The phone starts up again, vibrating on the hardwood. I can hear it even over the clang of the bar. I squeeze out two more reps, then rack the weight and sit up, dizzy. The phone is face down. I don’t even check who it is. I just pick it up and whip it across the room, hard. It hits the wall, bounces once, and lands next to the door. Not broken, not even a scratch. Figures.
I go back to the weights. Bench. Then squats. Then deadlifts, stacking the bar until my knees feel like they might buckle. Each time I pick it up, I try to imagine the pain will finally shut off my brain. That it’ll fill the gap she left.
By the time I move to the kettlebells, my hands are shaking, and sweat is rolling down my spine. I go for swings, one arm, then the other, switching at the top, faster and faster until I lose count. The lights blur, and I actually think I might pass out.
I drop the bell on the mat, fall to my knees, and suck air like I’m drowning. My chest is on fire. My legs quiver. This is what I wanted. This is the only way I know how to stop myself from thinking about Trinity’s face as she walked away, the way her eyes never even blinked.
My phone starts up again, but it sounds far away. I stay on my knees, knuckles pressed to the floor, and let my breath slow down. Sweat pools under me. I wipe it off with the back of my hand and immediately regret it—the scrape of skin on skin, the raw heat. I deserve it.
When I finally roll onto my back, the ceiling spins. I stare up at any imperfection on the drywall. It’s quiet. Nothing but the thump of my heartbeat and the far-off wail of a siren somewhere in the city. I close my eyes, just to see if I can keep the world at bay.
However, my head is still full of her. Not even tonight’s version that was so cold and angry. It’s the one from the first time I tried yoga at her place, when I nearly ripped my own hamstring in half trying to hold Warrior Two.
She laughed so hard she snorted. The sound was so light, so bright, it made my whole-body ache in a way I’d never felt. I remember the way she reached out, steadying my arms, herhands cool and sure against my skin. “You’re all power, no control,” she told me, eyes shining with mischief.
I wanted to impress her. I wanted her to see me as strong, even when I was flailing.
Now I can’t remember the last time anyone laughed with me, instead of at me.

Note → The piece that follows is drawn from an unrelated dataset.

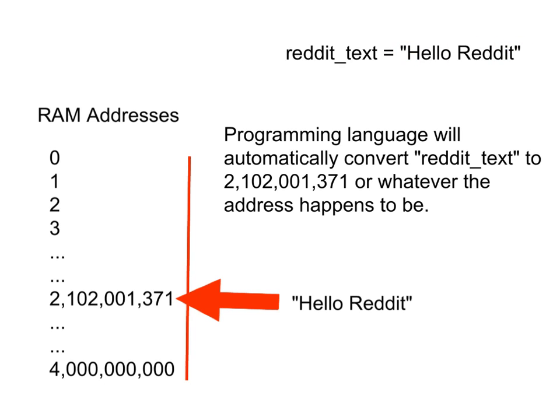That's really all I have to do as a programmer. I don't have to worry about everything that goes on behind the scenes, although I do have to understand it. So, when I as a programmer write reddit_text equals hello reddit, here's what happens.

The sweat runs into my eyes, stings, but I don’t move to wipe it away. I let it pool and drip, soak the mat. My lungs still burn. My arms are lead.
Somewhere in the apartment, the phone rings one last time, then stops.
The silence is absolute.
I close my eyes and try to hear her laugh again, but it’s already fading.
I don’t know how much time passes before I finally stand up. My legs are rubber, my mouth tastes like pennies, and I know I’m not going to sleep, not for a while, maybe not ever. As I limp to the kitchen, I notice that the early morning sun is shining through the window, and need coffee, because even in the shittiest morning of my life, habits die hard. I find her mug—the one I almost smashed last night—still sitting by the sink. I rinse it, careful of the chip on the rim, and set it under the machine. I press the button for black coffee, bitter as hell, exactly how she drank it when she was trying to power through a brutal day.
While the machine whirs, I drift to the windows, the kind that run from floor to ceiling and make you feel like you could step right off the edge and into the city. The glass is cold, and I press my forehead against it, watching the world wake up below. Cabs, trash trucks, people already out and running, like nothing ever changes.
My reflection looks older. Worn out. There’s a purpling ring under my right eye, a crusted scrape on my chin, and dried blood in the cracks of my knuckles. My hair sticks up at a dozen wild angles. I look like a man who got run over by a Zamboni and then rolled around in the tire tracks for fun. I almost don’t recognize myself.
The coffee finishes, and I take it back to the window. The taste is harsh, but I swallow it anyway, burn and all. The warmth grounds me.
That’s when the memories start. Not the bad ones—the fights, the locker room shit, the way I ruin everything I touch. It’s the other ones. The ones where Trinity holds my face in her hands after a bad game, fingers soft, eyes softer. The night I came home dripping blood and rage, and she patched me up, not with lectures but with silence and steady hands and a kiss to the split above my eye. The way she could make me feel like I belonged, even when I was nothing but trouble.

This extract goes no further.